By Bernie Lang
In the past couple of months, I’ve been to live concert performances in the major music genres of jazz, rock, and classical music. I found myself reflecting after each show on how these differing types of music are standing up within my own personal test of time.
My brother graced me with a ticket to see jazz saxophonist Joe Lovano play at the Village Vanguard. I hadn’t been to the fabulous Vanguard in many years, but remembered it as a small and intimate space for a performance. After I insisted that we sit in the back of the club, my brother immediately guided us to seats just one table away from the small stage. And I’m glad he did. Mr. Lovano played with a fantastic group, consisting of a piano player, a bassist and two drummers/percussionists.
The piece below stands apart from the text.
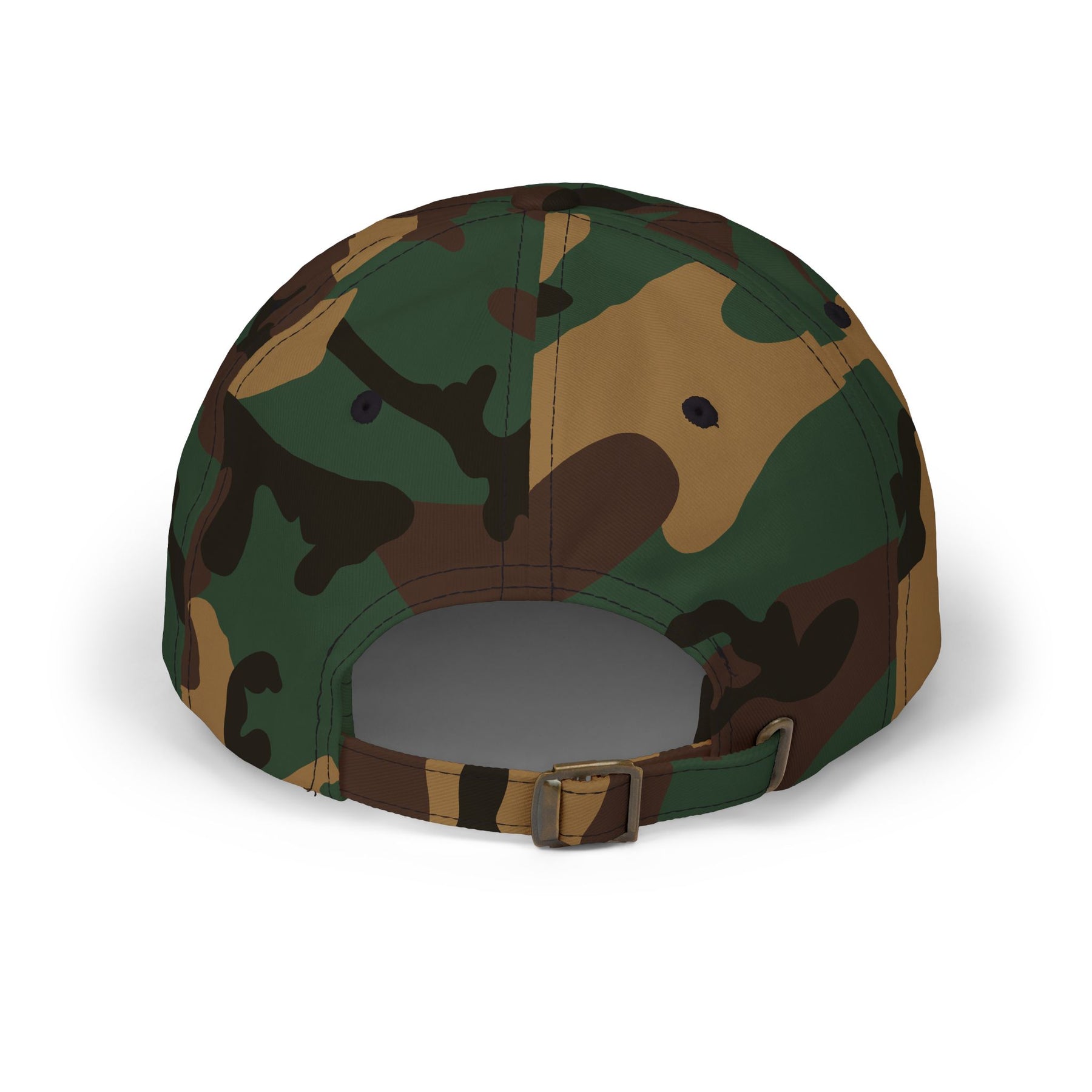 Order Of Saint Lazarus Baseball Cap - Cotton Various Colors Lazarus Emblem - Bricks Masons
His saxophone playing was on a virtuoso level as he hovered above us, and the songs were exciting and exuded an extremely positive vibe. Mr. Lovano also showed off great and complex chops on the flute and clarinet, literally wowing the audience, who at the end gave a very warm ovation, which was gracefully and gratefully received by the band members. Mr. Lovano’s unique, complex, somewhat traditional sax melody lines, and his unwavering power and emotion on the ballads, will remain with me. I had written jazz off as a past interest, but this wonderful show rekindled my curiosity in this difficult form of music.
A few weeks later, I went to The Sands casino in Pennsylvania to watch the alternative rock band Weezer perform. The fact that I’d already been standing in the crowd for a couple of hours when Weezer hit the stage didn’t help my mood, which was also tempered by finding myself to be one of the older dudes at the show. I’d anticipated that, but thought it wouldn’t bother me. But it did. Weezer is led by Rivers Cuomo, an intriguing singer, guitarist, and songwriter who went to Harvard after being brought up in an ashram. With a kind of bookish look to him, he has always been celebrated as an outsider. I’m not the biggest fan of the group, but was pleased that the focus in the early stages of the concert was on an album I own, “The Green Album,” and songs such as “Hash Pipe” and the boppy “Island in the Sun” were great to hear. But it was all downhill for me from there. The volume of the music seemed to increase with each song and soon the sound was just the voice of Mr. Cuomo breaking through a distorted, cacophonous mush. I’ve been to plenty of loud concerts before—I have suffered a temporary and small loss of hearing, for example, after seeing Neil Young at Madison Square Garden—but the music had always come through in the past. I couldn’t see the point in just a steady barrage of guitars and drums. It wasn’t music. It wasn’t art.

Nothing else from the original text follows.